In 2014 a large MHW was identified as it began dominating the northeast Pacific Ocean. Eventually known as “the blob” (Fig. 3), that basin-scale MHW was unique in the history of monitoring in the California Current, and persisted until mid-2016. Researchers documented many ecological effects associated with the blob, including unprecedented harmful algal blooms, shifting distributions of marine life, and changes in the marine food web.
What are the latest conditions?
(last updated 12/01/2019)
We continue to track the marine heatwave known as the Northeast Pacific Marine Heatwave of 2019, or NEP19. Our latest images (Fig. 1,2) show the marine heatwave has decreased in slightly in size over the past few weeks, especially as compared to its maximum size in August 2019 (archived images can be found here). The feature has moved farther offshore, however, and surface temperatures have cooled across much of the nearshore area for the entire US west coast (Fig. 1).

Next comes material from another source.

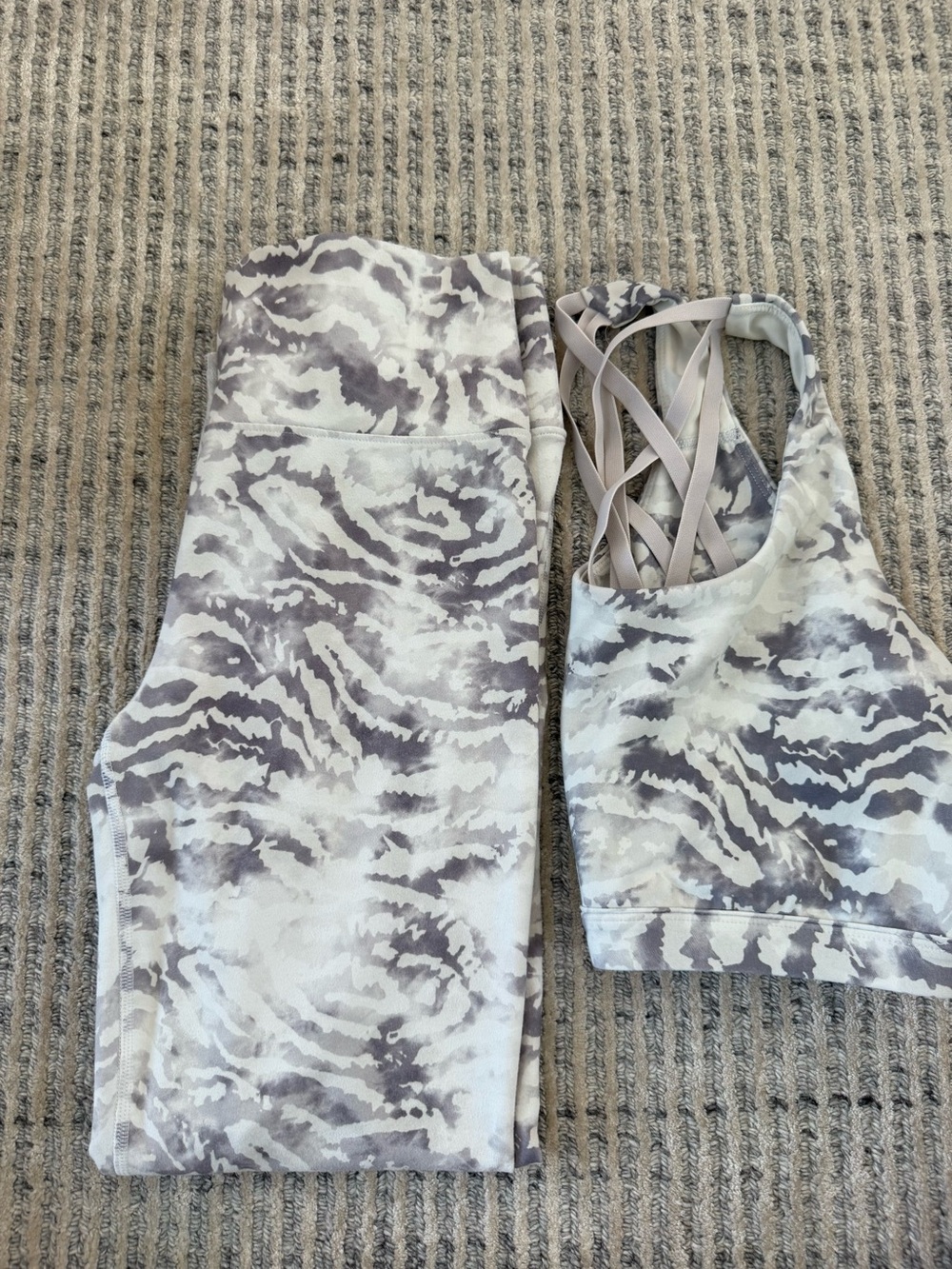 CLOSET CLEAN OUT!! Gray & White Printed Leggings and Strappy Sports Bra Set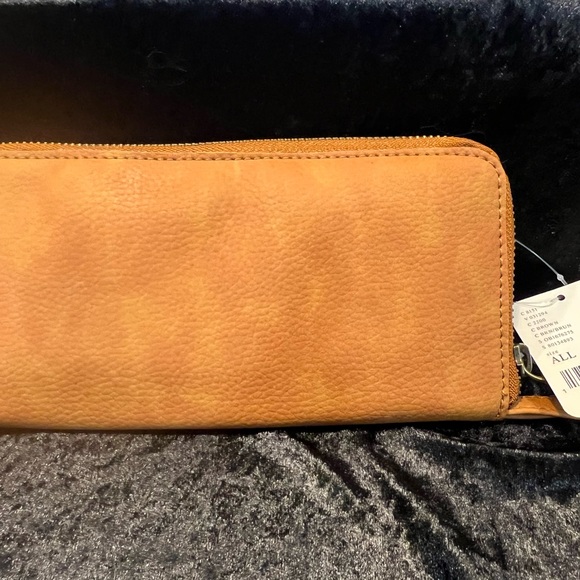 Free People NWT vegan leather wallet!! - Picture 2 of 3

Even with this decrease in size and intensity, the current marine heatwave, which formed in May 2019, is still among the most significant events seen in the northern Pacific Ocean during the last 40 years (Fig. 4,5). According to the latest imagery, NEP19 is approximately 195 days in age and 5 million km2 in size, with continued sea surface temperatures as much as 3°C above average.
Conditions will become increasingly dynamic as winter storms form in the Northeast Pacific. We continue to monitor the area, duration, and coastal proximity of this marine heatwave and coordinate with other researchers and policy-makers to understand the array of possible west coast impacts.
What is the MHW Tracker?
Developed by oceanographers from NOAA Fisheries’ Southwest Fisheries Science Center as an experimental tool for natural resource managers, the California Current MHW Tracker is a program designed to understand, describe, and provide a historical context for the 2014-16 blob.2 It also produces a range of indices that could help forecast or predict future MHWs expected to impact our coast.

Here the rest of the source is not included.